Coralee Mae Kinney Fussell, wife, MOM, grandmother, multitalented artist, seamstress
moved from Dover Foxcroft Maine to Lake Placid FL, graduating high school there and went to church with her parents Fern & Paul Kinney in Ortona, FL.
Coralee’s husband to be joined the Army Transportation Corp before he was old enough with the help of a forged permission slip from his older sister. According to family history, Jinks mustered out of the service a month before he would have been eligible to enlist.
Arriving back at home at age 18 he met Coralee at the church in Ortona, FL. She was three months older than him when they married.. He got a job with the Atlantic coastline Railroad and moved into one of their worker supplied houses in Palmdale FL. Nine months later their first child Anna was born. Two and half years later child number two was born. That day son number one was born mom announced that it was time , halfway between Palmdale and LaBelle Florida Dad ran out of gas and started walking to LaBelle to get fuel .
A few hundred yards away a car pulled over and asked if they could give him a ride, when they found out that mom was back in the car they turned around had dad steer while they pushed mom and dad to LaBelle at around 80 miles an hour and let them coast into the gas station while they continued on to work. Mom said we made it to the hospital on time as Derrill wasn’t born until 8:30 that night in Ft Myers Fla Lee Memorial hospital.
The family story relayed that six months later: there was a flooding storm and Fish Eating Creek was out of its banks. Jinks was out shoring railroad bridge abutments. Coralee waded, while pushing her son in a washtub that floated him, as the owner of the Cypress Knee Museum put sister Anna on his shoulders and waded to his establishment, the nearest dry building located on US Highway 27.
Dad quit the Railroad after they moved him to Everglades City. My earliest memories at around age five was playing under our house and Everglades City that was up on piers due to the tide and hurricane flooding.
Coralee was a workaholic.
She never learned intense cooking skills but her other talents shined wherever she went. She played the piano and or the organ in Church, sewed suits for our preacher Dad and shirts and dresses for us kids.
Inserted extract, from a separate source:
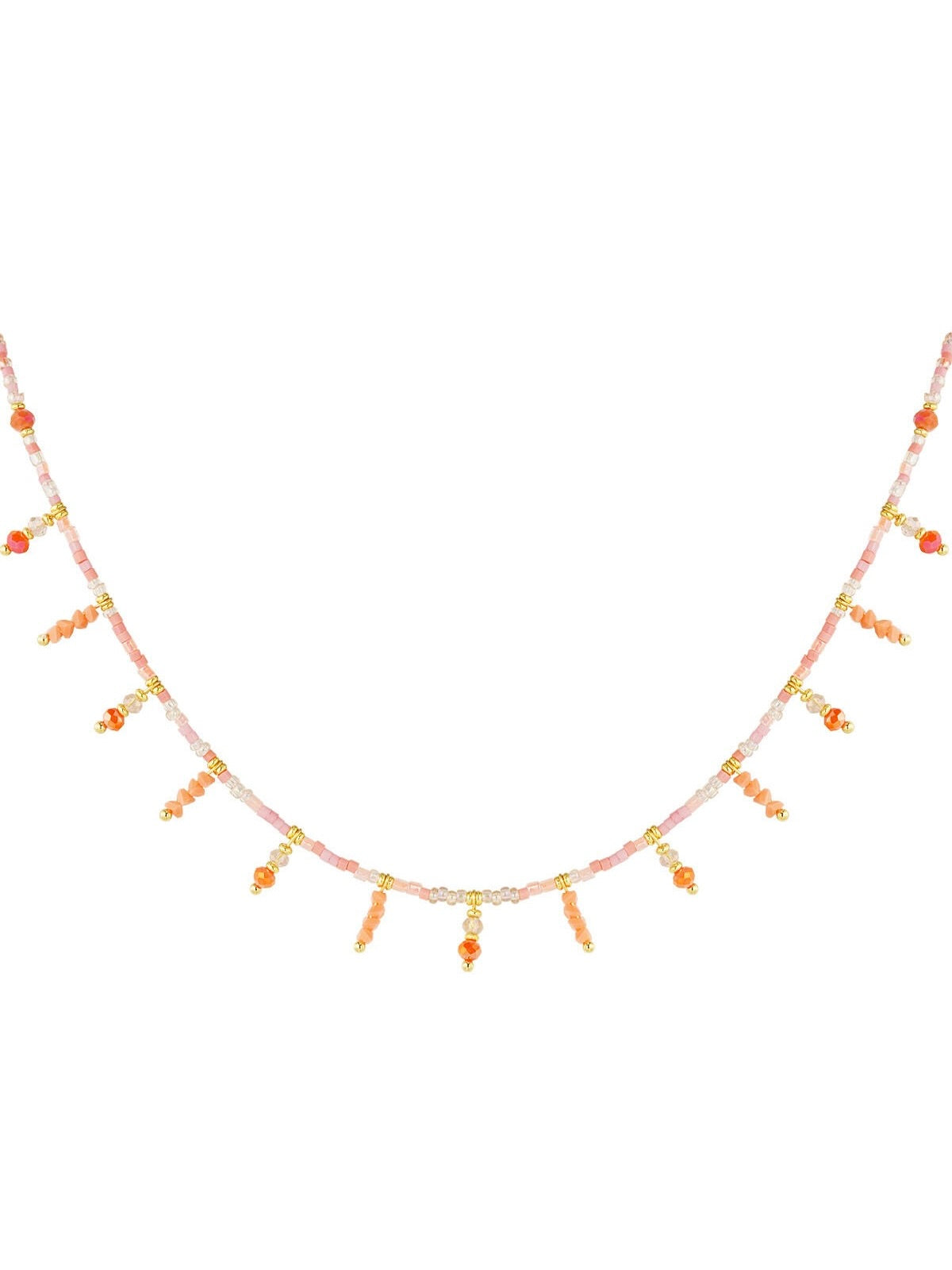 Ketting Summer Beads | Peach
For relaxation Mom would sort through her seashells and compose beautifully arranged flowers and beach scenes.
Her husband quit the railroad and went to work as a gas station attendant. To make ends meet Coralee went to work at the Drapery Shop in Naples and enrolled her children in the Peter Pan Day School 4 blocks away.
Mom never made it to the race-track but every summer when the sugar sand Kelly road would dry out, the race would be on by the time she left the pavement of Route 45 and turned into the sand, the ruts would take over and the g forces tossed us around like ping pong balls. Weaving and bobbing the ruts grew deeper as we traversed the 2 miles home. Occasionally a car would be stalled and buried to the running boards while the ruts veered around them. The key was to floorboard the accelerator and keep the momentum while ploughing sand like a wave of water. As the bottom of the sand gave way the bouncing of the entire frame of the car on the sand gave a grating sound of a thousand cats scratching under our feet.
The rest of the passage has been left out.